● ACTION ITEM: Would you repeat word for word the lines of the listing that follows, from the one with "May include: Two" up to and including the one with "Iridescent bracelet on", and leave out the images?

● TASK INPUTS:
================

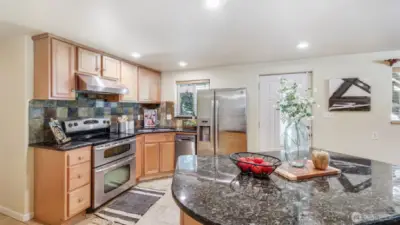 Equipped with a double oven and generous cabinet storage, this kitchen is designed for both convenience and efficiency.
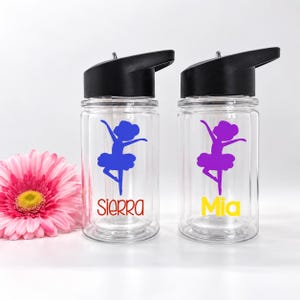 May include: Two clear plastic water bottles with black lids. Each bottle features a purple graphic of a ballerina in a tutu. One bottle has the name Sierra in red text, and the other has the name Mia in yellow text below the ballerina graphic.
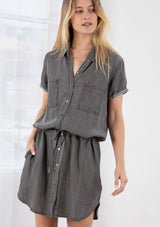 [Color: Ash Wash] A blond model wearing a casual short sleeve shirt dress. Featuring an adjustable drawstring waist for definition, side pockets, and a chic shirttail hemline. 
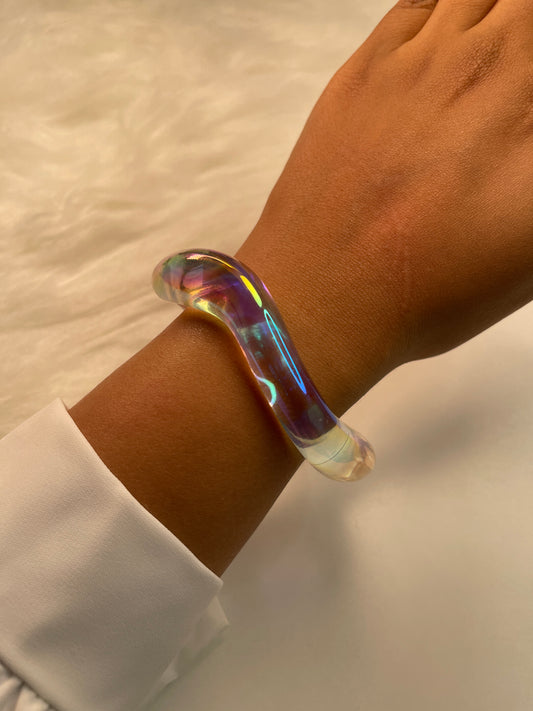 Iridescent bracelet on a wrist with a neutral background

================

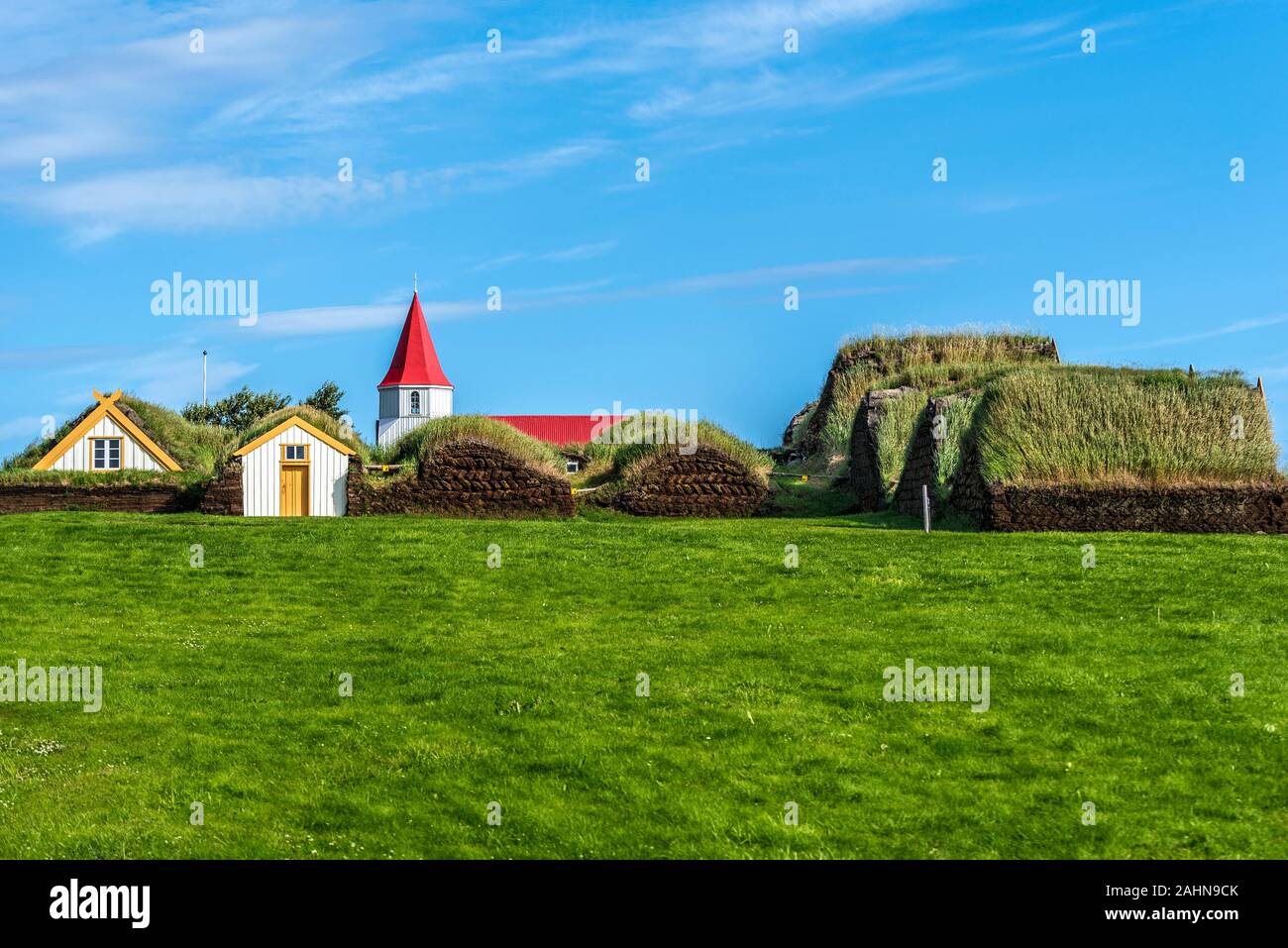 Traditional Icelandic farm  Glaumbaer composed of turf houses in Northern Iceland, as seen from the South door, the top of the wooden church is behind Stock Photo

================

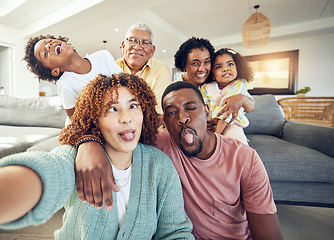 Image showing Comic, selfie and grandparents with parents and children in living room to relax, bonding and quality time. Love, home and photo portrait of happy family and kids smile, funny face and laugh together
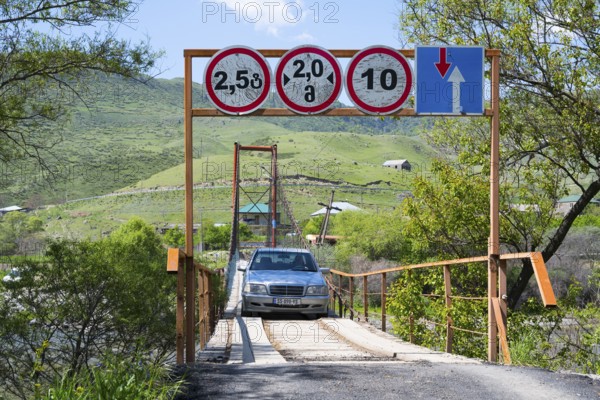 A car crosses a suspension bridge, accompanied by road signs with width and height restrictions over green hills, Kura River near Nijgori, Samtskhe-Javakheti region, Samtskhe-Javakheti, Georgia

================

● RESULT FOR THIS EXERCISE:
 May include: Two clear plastic water bottles with black lids. Each bottle features a purple graphic of a ballerina in a tutu. One bottle has the name Sierra in red text, and the other has the name Mia in yellow text below the ballerina graphic.
 [Color: Ash Wash] A blond model wearing a casual short sleeve shirt dress. Featuring an adjustable drawstring waist for definition, side pockets, and a chic shirttail hemline. 
 Iridescent bracelet on a wrist with a neutral background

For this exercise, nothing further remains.